The White House says President Trump is inviting Russian President Vladimir Putin to Washington this fall. Well, before then, there are mixed messages to clear up. Russian officials say Trump and Putin agreed in Helsinki to work together in Syria. The U.S. general overseeing the fight against ISIS in Syria and Iraq says he has received no guidance about what that means. Here's NPR's Tom Bowman.

TOM BOWMAN, BYLINE: General Joe Votel told reporters in a video teleconference that he's only working with Russia on what's called deconfliction. That means the two militaries communicate so that aircraft are not involved in accidents or mishaps in the skies over Syria.

(SOUNDBITE OF PRESS CONFERENCE)

GEN JOSEPH VOTEL: First off, let me just reiterate - no new guidance for me as a result of the Helsinki discussions as of yet.

BOWMAN: The guidance Votel does have is to finish off the Islamic State, clearing the final cluster of fighters along the border with Iraq. Russia meanwhile is focused on something different - propping up the Assad regime and attacking anti-Syrian rebels, some of whom are being supported by the United States.

So far, Russian officials are the only ones providing information about any agreements in Helsinki.
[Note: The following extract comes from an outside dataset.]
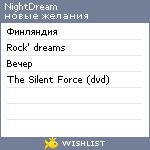 My Wishlist - nightdream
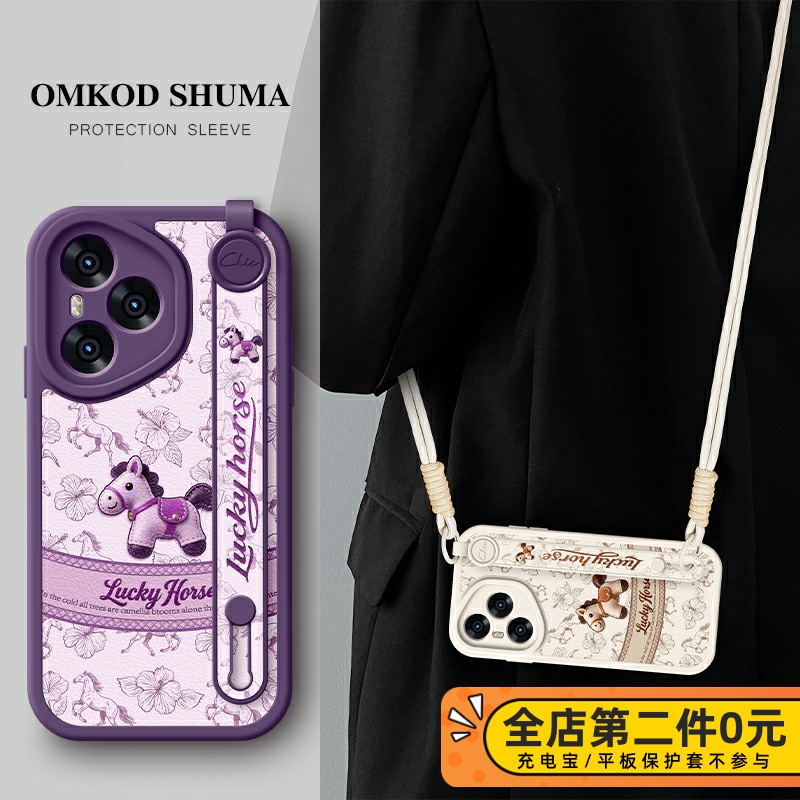 荣耀400手机壳300腕带支架保护套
The Pentagon has been silent, and the White House put out a statement saying it was reviewing the discussions between the two presidents and, quote, "considering possible next steps." During his press conference at the Helsinki summit this week, President Trump was asked about the U.S. and Russian militaries cooperating in Syria. And he had this to say.

(SOUNDBITE OF PRESS CONFERENCE)

PRESIDENT DONALD TRUMP: Our militaries do get along very well, and they do coordinate in Syria and other places.
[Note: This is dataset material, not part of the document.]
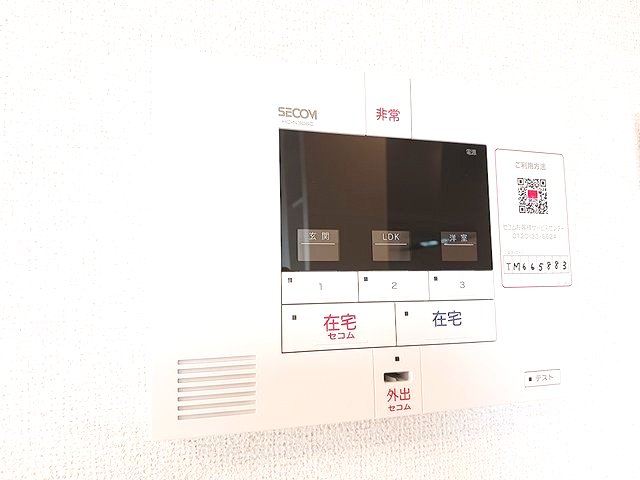 グリーンライン 北山田駅 徒歩11分 2階建 築1年のその他写真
BOWMAN: But the two militaries do not coordinate in Syria. And a law passed four years ago after Russia's seizure of Crimea actually prohibits the two militaries from working together. General Votel picked up on that with reporters.

(SOUNDBITE OF PRESS CONFERENCE)

VOTEL: It is true the National Defense Authorization Act as a law prohibits us from coordinating, synchronizing, collaborating with Russian forces, so that does guide our activities.

BOWMAN: So how could the U.S. work with Russia in Syria? The general said Congress would have to take some type of action, maybe come up with a waiver. Tom Bowman, NPR News, Washington.